(Brief descriptive captions)
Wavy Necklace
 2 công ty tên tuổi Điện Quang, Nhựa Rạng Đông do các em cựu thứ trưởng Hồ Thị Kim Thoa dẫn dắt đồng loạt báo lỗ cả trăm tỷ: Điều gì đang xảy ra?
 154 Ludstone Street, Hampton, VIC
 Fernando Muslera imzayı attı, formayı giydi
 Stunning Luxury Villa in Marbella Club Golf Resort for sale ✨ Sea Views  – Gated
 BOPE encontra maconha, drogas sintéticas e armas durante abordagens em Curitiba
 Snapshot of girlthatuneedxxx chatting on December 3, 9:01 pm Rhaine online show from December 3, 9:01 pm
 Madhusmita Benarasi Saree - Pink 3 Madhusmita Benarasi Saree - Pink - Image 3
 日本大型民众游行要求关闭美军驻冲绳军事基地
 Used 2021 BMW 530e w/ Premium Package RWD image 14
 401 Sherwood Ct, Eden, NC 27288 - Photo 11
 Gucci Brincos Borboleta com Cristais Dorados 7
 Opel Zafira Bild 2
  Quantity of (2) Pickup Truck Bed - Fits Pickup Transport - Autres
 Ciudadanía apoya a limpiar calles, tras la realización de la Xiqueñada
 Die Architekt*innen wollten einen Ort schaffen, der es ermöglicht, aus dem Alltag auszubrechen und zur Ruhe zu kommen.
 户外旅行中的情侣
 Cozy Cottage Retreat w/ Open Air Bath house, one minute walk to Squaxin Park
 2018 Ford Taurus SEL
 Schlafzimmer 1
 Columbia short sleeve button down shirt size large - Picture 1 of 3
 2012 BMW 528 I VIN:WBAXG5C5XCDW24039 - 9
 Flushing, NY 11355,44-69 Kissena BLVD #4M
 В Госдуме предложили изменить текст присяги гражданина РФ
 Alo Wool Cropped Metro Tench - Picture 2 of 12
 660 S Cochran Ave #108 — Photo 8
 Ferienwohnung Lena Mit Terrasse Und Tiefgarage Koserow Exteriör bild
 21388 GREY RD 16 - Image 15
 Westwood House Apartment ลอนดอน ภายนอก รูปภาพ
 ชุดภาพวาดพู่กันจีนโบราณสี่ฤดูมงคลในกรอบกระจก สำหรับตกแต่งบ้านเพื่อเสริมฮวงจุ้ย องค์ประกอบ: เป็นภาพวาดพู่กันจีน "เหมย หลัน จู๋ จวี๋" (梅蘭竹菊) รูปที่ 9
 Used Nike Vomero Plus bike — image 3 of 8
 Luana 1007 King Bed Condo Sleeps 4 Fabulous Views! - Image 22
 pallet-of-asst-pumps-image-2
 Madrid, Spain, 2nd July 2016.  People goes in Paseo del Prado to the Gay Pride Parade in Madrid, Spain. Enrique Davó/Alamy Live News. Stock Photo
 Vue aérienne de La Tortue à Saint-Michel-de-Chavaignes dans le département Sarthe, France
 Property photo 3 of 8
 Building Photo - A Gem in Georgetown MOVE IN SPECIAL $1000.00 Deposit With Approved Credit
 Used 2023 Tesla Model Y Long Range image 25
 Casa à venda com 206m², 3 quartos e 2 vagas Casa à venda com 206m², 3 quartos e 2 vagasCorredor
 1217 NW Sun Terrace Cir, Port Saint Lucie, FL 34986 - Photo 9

WORK INSTRUCTION: Copy every line of the entries in which "Used" can be found.

SOLUTION TO THIS EXERCISE:
 Used 2021 BMW 530e w/ Premium Package RWD image 14
 Used Nike Vomero Plus bike — image 3 of 8
 Used 2023 Tesla Model Y Long Range image 25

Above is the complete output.